The plans were spelled out yesterday in a 138-page document that every haulier and business doing business with EU will have to read very closely.

The document is an update to the Border Operating Model first published in July of this year. In the UK Government’s own words, the updates does as follows:

  • Maps out the intended locations of inland border infrastructure. The sites will provide the necessary additional capacity to carry out checks on freight.
  • Announces that passports will be required for entry into the UK from October 2021 as the Government phases out the use of EU, EEA and Swiss national identity cards as a valid travel document for entry to the UK. Identity cards are among the least secure documents seen at the border and ending their use will strengthen our security as the UK takes back control of its borders at the end of the transition period.
  • Confirms, after extensive engagement with industry, that a Kent Access Permit will be mandatory for HGVs using the short strait channel crossings in Kent. The easy-to-use ‘Check an HGV’ service will allow hauliers to check if they have the correct customs documentation and obtain a Kent Access Permit.

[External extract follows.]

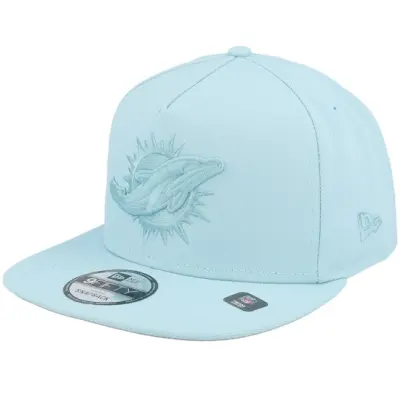 New Era - NFL Blå snapback Keps - Miami Dolphins 9FIFTY Color Pack Aqua A-Frame Snapback @ Hatstore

According to the updated Border Operating Model, 5 inland border sites will be operational in January 2021 in the following locations: Ashord Waterbrook, Sevington Ashford, Ebbsfleet Int. Station, North Weald Airfield, and Warrington. In addition, 2 more sites at Thames Gateway and Birmingham could be utilised in January of next year. Finally, a further 3 sites at Dover, South Wales and Holyhead have been earmarked as potential locations for July 2021.

The revised document has been positively received by Logistics UK Policy Director Elizabeth de Jong, who says the clarification it provides will be „welcomed” by Logistics UK members.

“Clarification on the arrangements for the UK’s borders with the EU at the end of the Transition Period is welcomed by our members, the organisations charged with moving goods and services to and from our nation’s largest trading partner.”

However, de Jong added that she now wishes to see more clarity on trading between Great Britain and Northern Ireland:

“We now want to see the same clarity and detailed information for the movement of goods between Great Britain and Northern Ireland, so that businesses can plan and logistics operators avoid delays.”

The Road Haulage association (RHA) have also welcomed the update. Writing on Twitter yesterday afternoon, the organisation nonetheless stressed that if there are any errors in the paperwork post-Brexit, goods will simply not pass the border.

Meanwhile, Rod McKenzie, the RHA’s Managing Director of Policy & Public Affairs, has expressed concerns about the 8 UK Government IT systems that will be used to facilitate the import of goods into the country.

Speaking on BBC Radio Kent, McKenzie said that a „gigantic” IT system such as the one being implemented would normally have „years” of preparation. His concern is that the 8 systems won’t communicate with each other, creating a situation whereby the technology „lets down the extraordinary amount of paperwork and red tape that will now have to be done.”